===== Data section

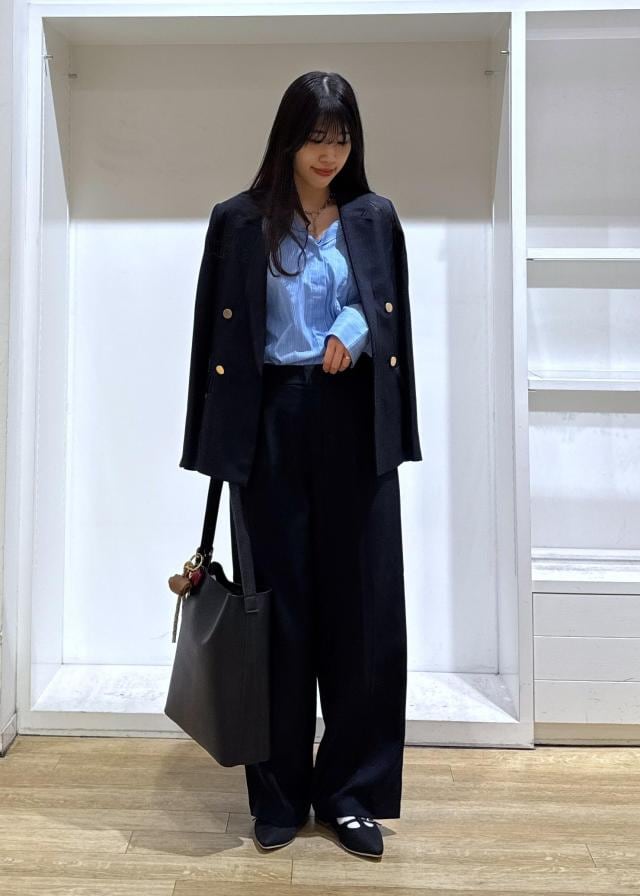 スタイリングタイトル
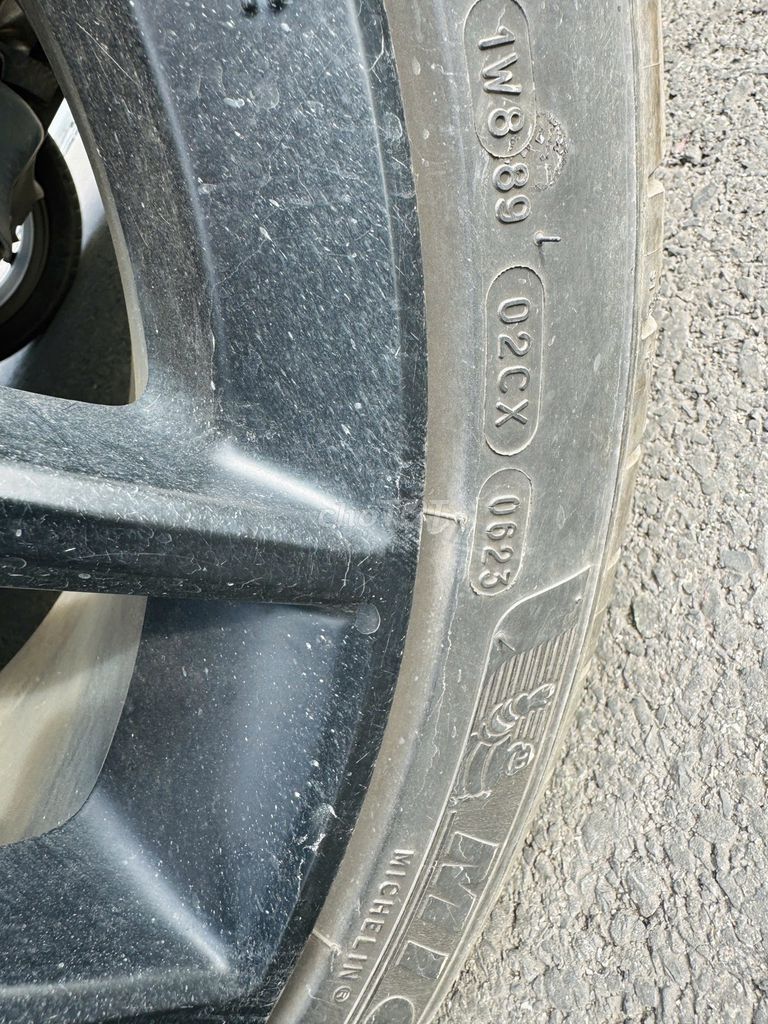 Honda Civic 2023 RS 1.5 AT - 32000 km. Mua bán Ô tô tại Thành phố Dĩ An Bình Dương được đăng bởi Siêu Thị Ô Tô Bình Dương  hình 11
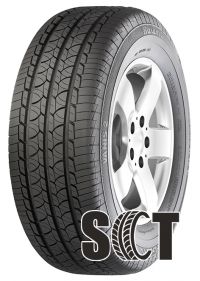 235/65 R 16 115/113 R Vanis 2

==========

▶ **What you will do**: In the reply, each line of the data must appear exactly as written, and no picture may appear.

▶ **Finished task**:
 スタイリングタイトル
 Honda Civic 2023 RS 1.5 AT - 32000 km. Mua bán Ô tô tại Thành phố Dĩ An Bình Dương được đăng bởi Siêu Thị Ô Tô Bình Dương  hình 11
 235/65 R 16 115/113 R Vanis 2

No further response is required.